Additionally, the late roll-out of the 2016 Chevrolet Volt means a shortened first model-year. But Chevy also hopes to avoid some of the mistakes that it made during the launch of the original Volt in late 2009. A staggered launch means it can put more resources into training dealers to both understand the new plug-in hybrid and to get them in position to service the car.
(BMW going to a plug-in powertrain for next-generation M3. Click Here for the exclusive report.)
The second-generation Volt made its debut at the Detroit Auto Show last January. It gets a design makeover, inside and out, and with a smaller, more energy-dense battery pack it now can squeeze in five passengers rather than four, as with the original model.
The 2016 Chevy Volt will also deliver about 40% more range, letting it travel about 53 miles on a charge before having to fire up its range-extending internal combustion engine. The more powerful gas engine will help improve performance, meanwhile, cutting about a half-second off the PHEV’s 0 to 60 times, and even more off its 0 to 30 launch performance.
Dealers in the 11 CARB states, California, Connecticut, Massachusetts, Maryland , Maine, New Hampshire, New Jersey, New York, Oregon, Rhode Island, and Vermont, already are taking orders for the 2016 Chevy Volt.
But customers in the remaining 39 states and the District of Columbia won’t have to wait long. The order system in the rest of the country will be up-and-running in December, Kelly confirmed. And while an official on-sale date has not been announced, sources indicated deliveries likely will begin in February, the same schedule used for the expanded roll-out of the first-generation Chevy Volt.
Meanwhile, there may be some silver lining the cloud for buyers who had to wait. While there will be no mechanical changes with the 2017 Volt, the plug-in will get some additional features. The initial, 2016 models will feature the new Apple CarPlay infotainment technology, but Chevy will then add Android Auto as standard equipment for 2017.

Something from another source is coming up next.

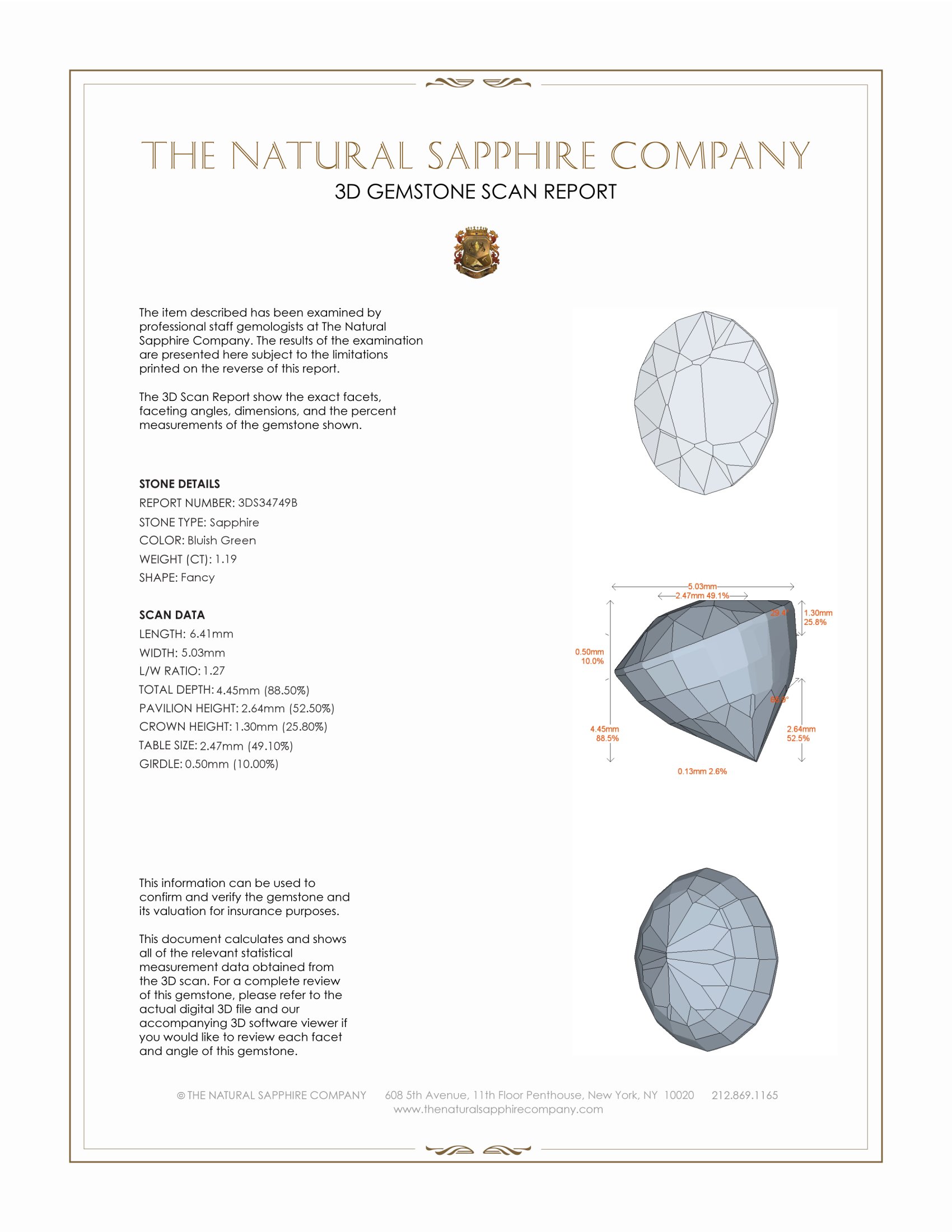 1.19 Ct. Bluish Green Sapphire from Montana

Radar-guided active cruise control will become an option, as well, and there will be additional colors offered, including a subdued green seen on a Chevrolet Volt used in the recent Disney movie, Tomorrowland.
In the long-run, a few months delay in lower-volume markets likely won’t have an impact on the Volt, but other factors could. That notably includes the ongoing slide in fuel prices which, TheDetroitBureau.com is reporting, could dip to just $2 a gallon nationwide by year-end.
(Fuel prices continue falling. Click Here for the latest.)
Virtually all battery-based vehicles, from conventional hybrids to pure battery-electric models, have been sliding in recent months. That even includes the Toyota Prius, the world’s best-selling hybrid. Volt sales for the first eight months of 2014 were down 36.7% on a year-over-year basis. Some of that was due to buyers choosing to wait for the new model, industry analysts caution.
But Volt has repeatedly missed its sales targets and it’s anyone’s guess whether it will do better now, even with all the improvements in the new model.